I am absolutely blown away by how productive my little raised bed garden is so far. Since the kids helped (over)plant tons of greens, yesterday it was my mission to clear out a little of the bounty. You know, so the other plants could actually get a little sunlight! I headed to the garden, pulled a little bit of this and a little bit of that, and left with the garden looking barely touched.
And I harvested a huge basket of green abundance:
You may have heard me mention before (like 10 or 15 times...) how easy it is to grow things here in Oregon. If you will, compare the above basket of overflowing greens with the puny radishes below:
Those radishes, plus about 4 little lettuce leaves, were my harvest in Colorado. All of it. For a whole year. They represented hours of building, hauling soil, and watering. And I was so, so proud of them! My harvest the year before consisted of three carrots about as large as my pinky.
So what made the difference?
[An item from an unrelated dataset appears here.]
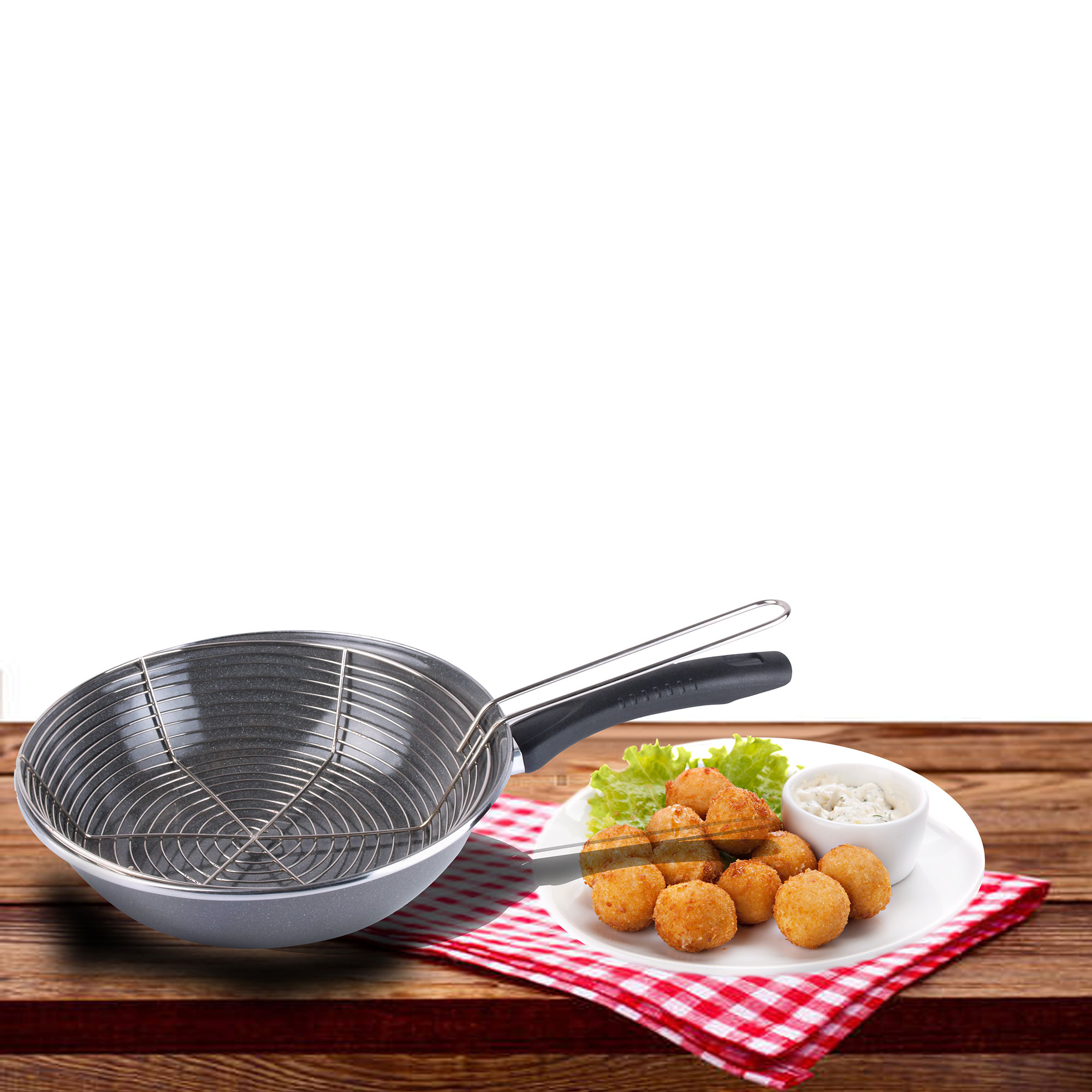 Una sartén profunda con un colador de malla y un plato de comida frita con salsa.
Yes, I learned a lot in the intervening years about soil, deer, water, etc. But for me, the biggest difference was just location. Even knowing all that I know today, the thought of trying to garden at 9000 ft. in the Rockies if we ever move back fills me with absolute dread. To use my best Old English, I have seen the goodness of this land, and I am loth to depart from it.
The amazing fertility of this area makes it so much easier to find local food to make up a high quality diet. Grass-fed cows roam every hillside, wild salmon teem in the river (and peoples' freezers), half my friends keep chickens for eggs, and I can get pastured poultry from the little town where we go to the library. It is just SO easy to eat well here, and it was SO much harder in the area where we used to live.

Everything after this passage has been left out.